Jiří Máška was born in 1951 in Ražice, a small town in South Bohemia, Czech Republic. He has been an artist since his early childhood. His grandfather noticed Jiří’s talent and arranged for him to meet a friend of his, painter Říhánek. Říhánek taught Jiří the fundamentals of composition and colours, artistic sense, and the perception of art as a whole. Jiří’s mother supported her son’s work, buying him the best paints, brushes, and other art supplies. Říhánek stayed with his student until Jiří was 10. At that time, Jiří began to take painting classes with another painter, Jiří Rejžek, in the town of Strakonice. Rejžek taught Jiří until he was16, and then he supported Jiří’s application to the Arts school in Prague.
At the Arts school, Máška studied under Professor Janoch.
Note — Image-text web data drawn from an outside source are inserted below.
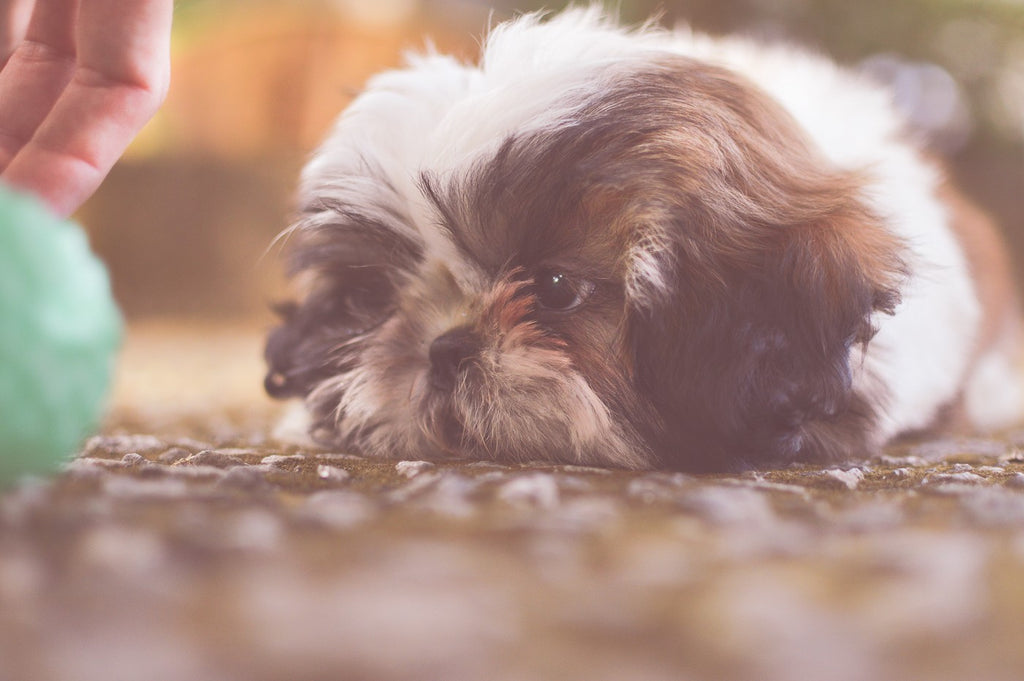 Shih Tzu Bath: Everything You Need to Know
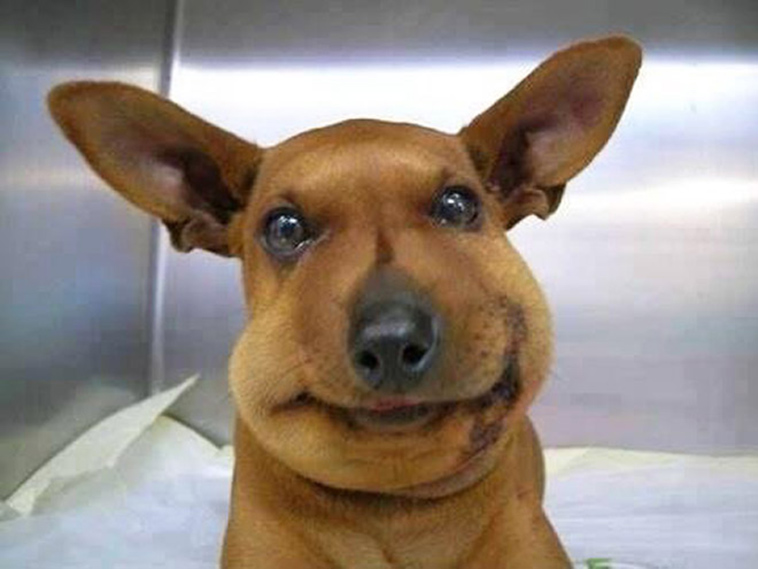 dogs tried eat bee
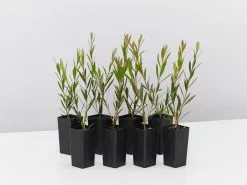 Callistemon Subulatus X Citrinus Cherry Time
After graduation in Prague, Máška returned to South Bohemia where he worked as Head of Promotion at the Park of Culture and Relaxation in České Budějovice.
Máška and several of his friends who were painters and sculptors, created an art group. They displayed art that was unacceptable by the Communist regime—the ruling government of the time. The Communist authorities closed down the group’s exhibition in 1983, which they followed by police harassment. This meant denying Máška the chance for publicity, because he could not display his art, and this also hampered his artistic development. In order to live, Máška needed to paint and express himself freely, so he left the country and immigrated to the United States. There he studied painting with Professor Hanson at Everett College in Washington.
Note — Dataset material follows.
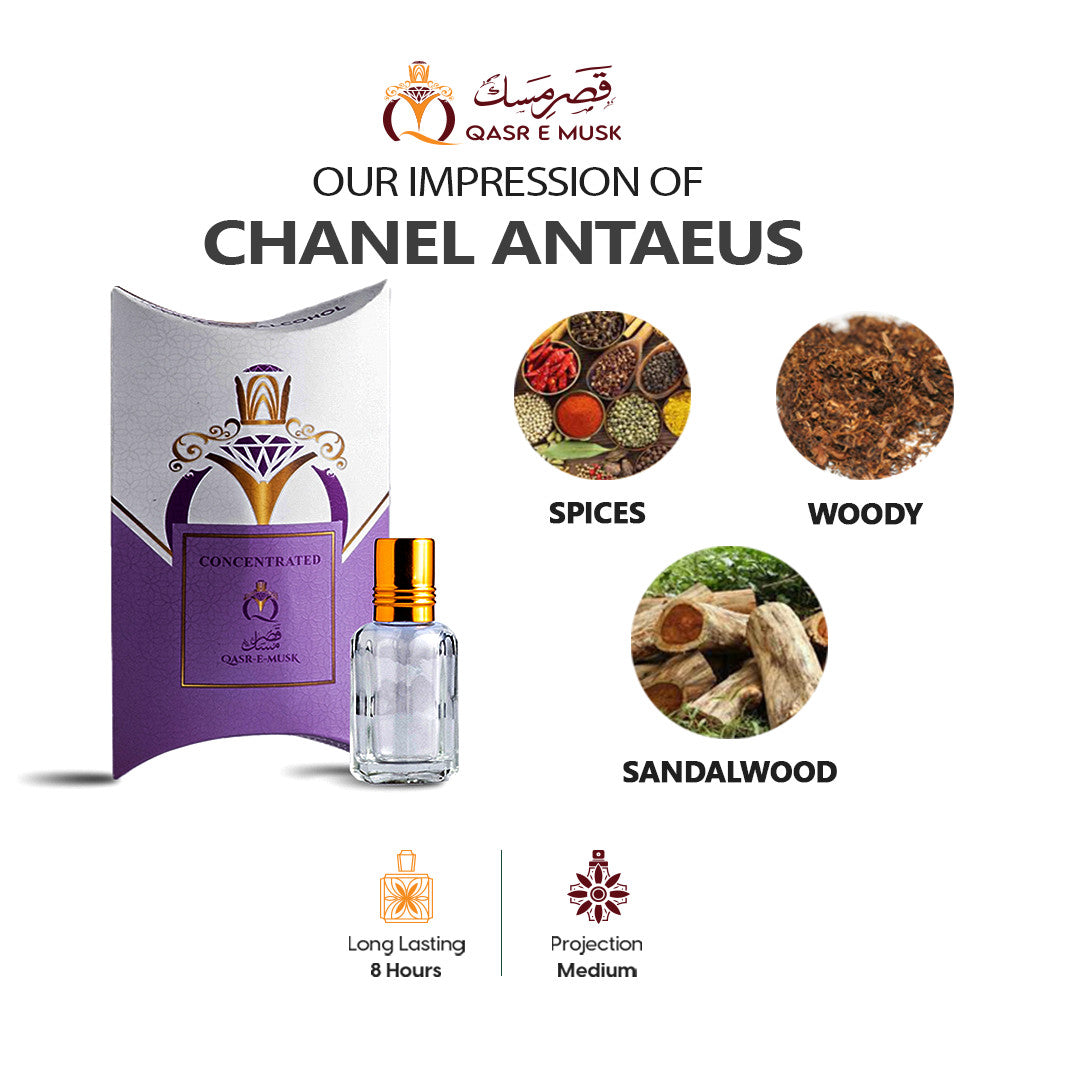 Chanel Antaeus | Affordable Impression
Upon finishing his studies with Professor Hansen, Máška displayed his paintings in the Jackson Street Gallery in Seattle, Washington. The reaction to the exhibition was unambiguous, both by the public and critics—right away, Máška was offered to exhibit in New York.
After his exhibition in New York in the Ariel Gallery, a prestigious New York art magazine,Manhattan Arts, ran a full page feature on Máška. Renée Phillips, the Chief Editor, asked renowned art critic Elizabeth A. Witford to review the exhibition:
“The paintings by Jiří Máška are wild utterances of his creative spirit. He can paint both pictures that remind us of wood carvings, and pictures that are unbelievably delicate, more delicate than Japanese parchments. Máška has found a new speech, universal and concrete at the same time. It is a speech from soul to soul and it includes noises and thoughts that catch other thoughts and attract and pervade each other. The fantastic rhythm of Máška’s pictures, their composition, and quality remind one of works by the famous abstract expressionist Arshile Gorky. A new star is rising for all those who love art.”
Elizabeth A. Wilford, Art Critic
Máška displayed his paintings in New York, Los Angeles, Toronto, Vancouver, Paris, Monaco, Prague, Hong Kong, Macau, and other cities. His original works are admired by people in many countries all over the world.